Com a anulação dos votos do PMB, dois vereadores perderam seus mandatos: Buno Secco, que foi eleito pelo partido e atualmente é filiado ao Novo, e Toninho da Farmácia, que havia sido eleito pelo sistema de sobras como membro do PSD e agora está no União Brasil. Para ocupar os lugares deixados pelos vereadores cassados, assumem Matteus Henrique e Dalton Borba, ambos considerados eleitos por quociente partidário.

Matteus Henrique, que conquistou 4.445 votos nas eleições de 2024, fará sua estreia na Câmara Municipal. Por sua vez, Dalton Borba, que recebeu 4.240 votos, já possui experiência, tendo exercido o cargo de vereador em duas legislaturas anteriores: a primeira parcialmente, entre 2019 e 2020, e a segunda de forma integral, de 2021 a 2024, quando era filiado ao PDT.

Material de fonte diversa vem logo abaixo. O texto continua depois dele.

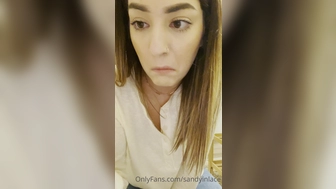 SandyInLace onlyfans Cute brunette with natural tits chatting in fries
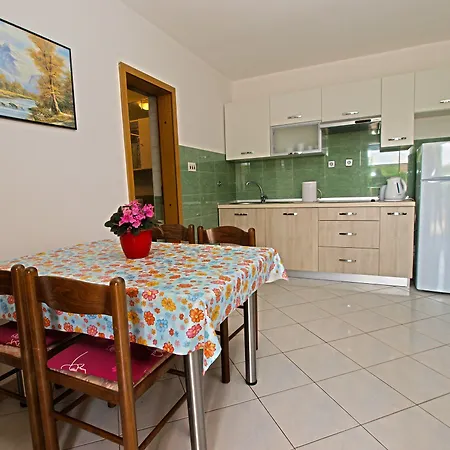Hasima 116 Apartment *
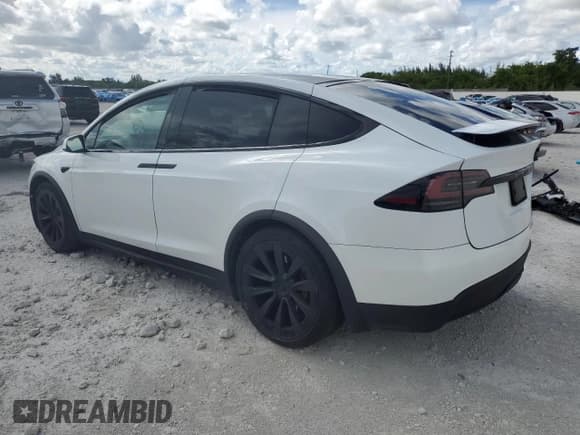 ✅ 2023 Tesla Model X Plaid • VIN: 7SAXCBE67PF384100 • Lot: 60360815. Wystawiony na Copart z przebiegiem Nie podano. Bezpłatny archiwum sprzedaży aukcyjnych z USA i szczegółowy raport historii pojazdu na DreamBid. Zdjęcie 2.
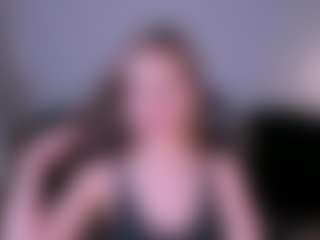 IsabellaMoretti's Live Sex Cam Show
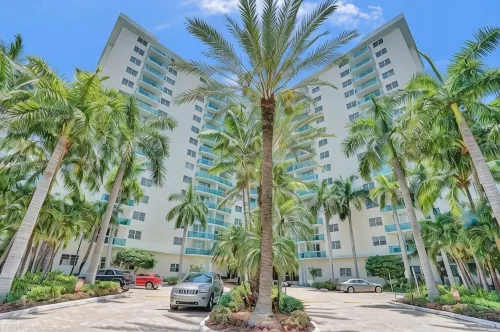 Luxe Hollywood Beachfront Condo - 4 stjerner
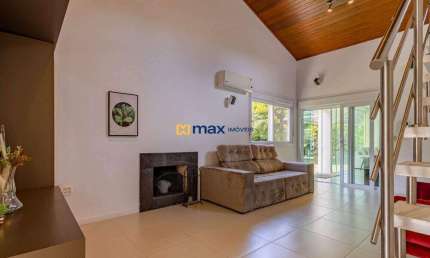 Casa ampla, 4 suítes (1 master com closet), Praia Brava, Itajaí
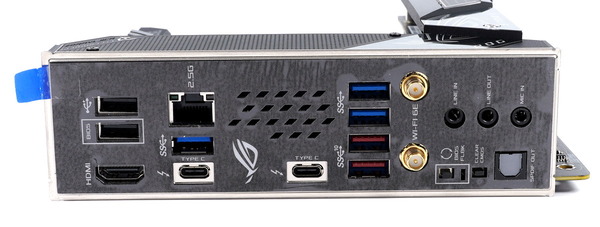 ASUS ROG STRIX Z690-I GAMING WIFI review_03467_DxO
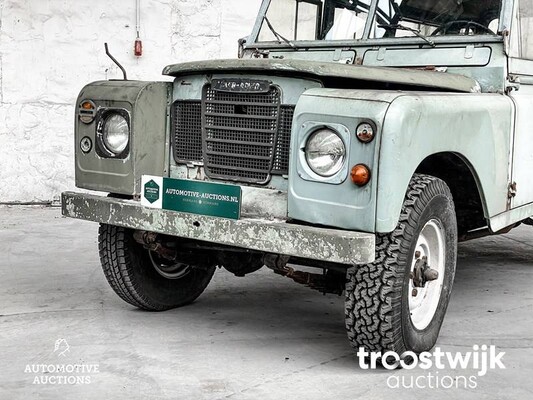 Land Rover Defender 2.3 109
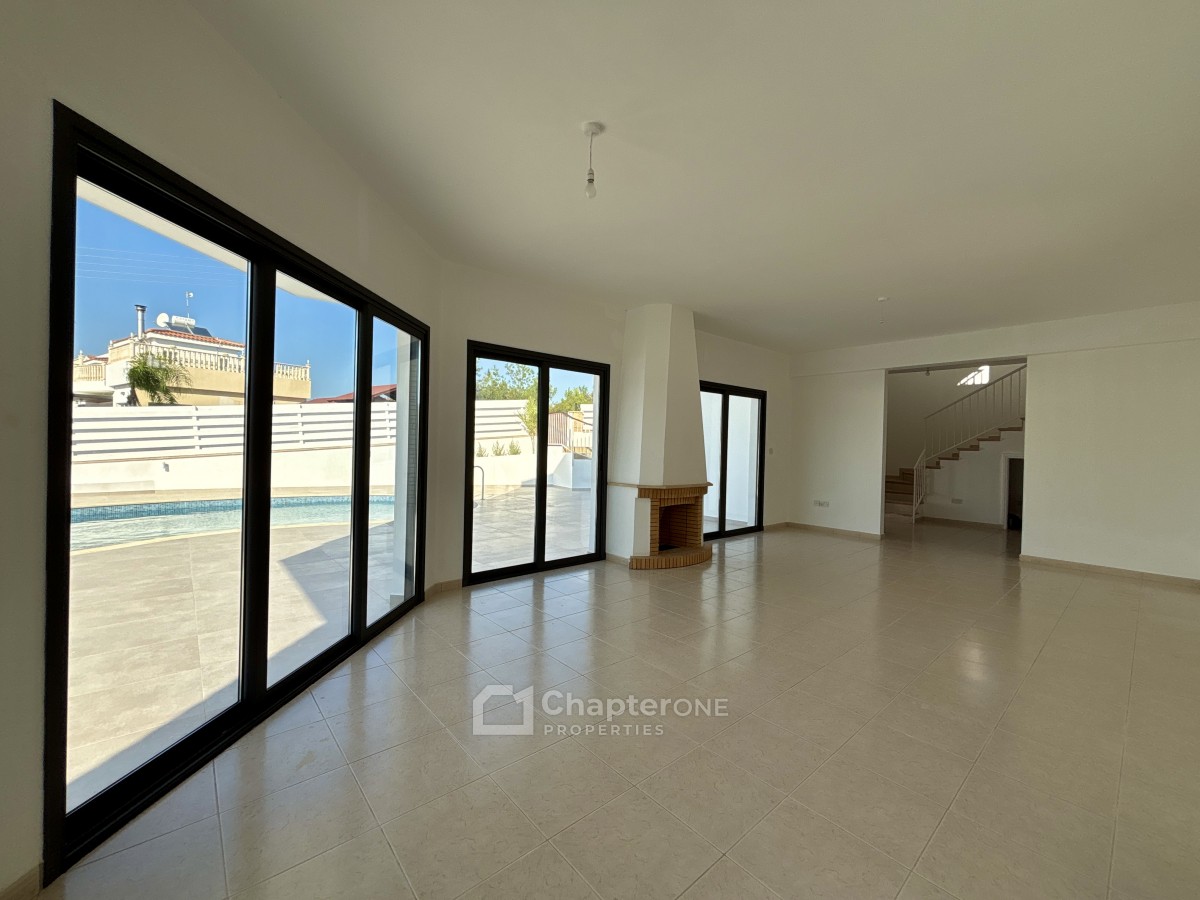 Detached Villa For Sale  in  Peyia - St. George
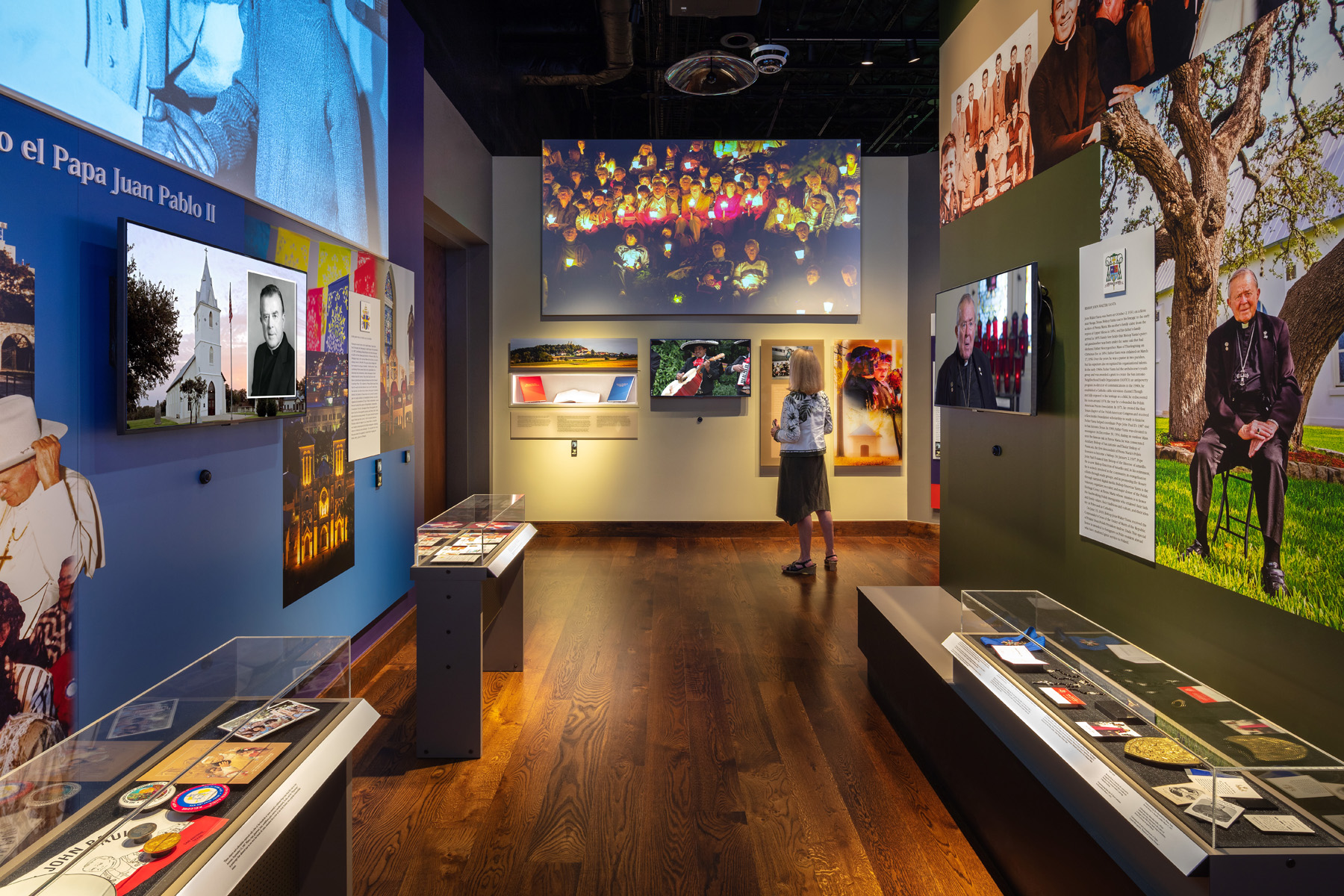 Polish Heritage Center interior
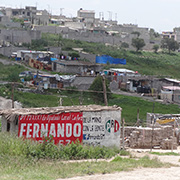 005 Las pocas casas pintadas lo esta?n gracias a que fueron utilizadas para la colocacio?n de propaganda poli?tica del PRI. Foto: Humberto Padgett, Sinembargo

A oficialização da mudança ocorreu na última quarta-feira, dia 29, quando o Tribunal Regional Eleitoral do Paraná (TRE-PR) reconheceu a fraude à cota de gênero na chapa do PMB e concluiu a retotalização dos votos da eleição. A cerimônia de posse dos novos vereadores está agendada para as 9h, durante a abertura da sessão plenária da Câmara.

O mandato atual seguirá até 2028. A impugnação dos votos da chapa do PMB foi motivada por uma denúncia relacionada a uma das candidatas da sigla. A candidata Telma Nogueira enfrentou problemas em sua campanha devido a um erro técnico atribuído ao partido. O número de urna escolhido por Telma foi alterado sem que ela fosse notificada, resultando em confusão entre os eleitores no dia da votação, já que seu número foi registrado para outro candidato, Evandro do Tatuquara.

O TRE-PR concluiu que a responsabilidade pela situação era exclusivamente do partido e decidiu não aplicar pena de inelegibilidade à candidata, que manteve seus direitos políticos, enquanto a chapa do PMB foi cassada.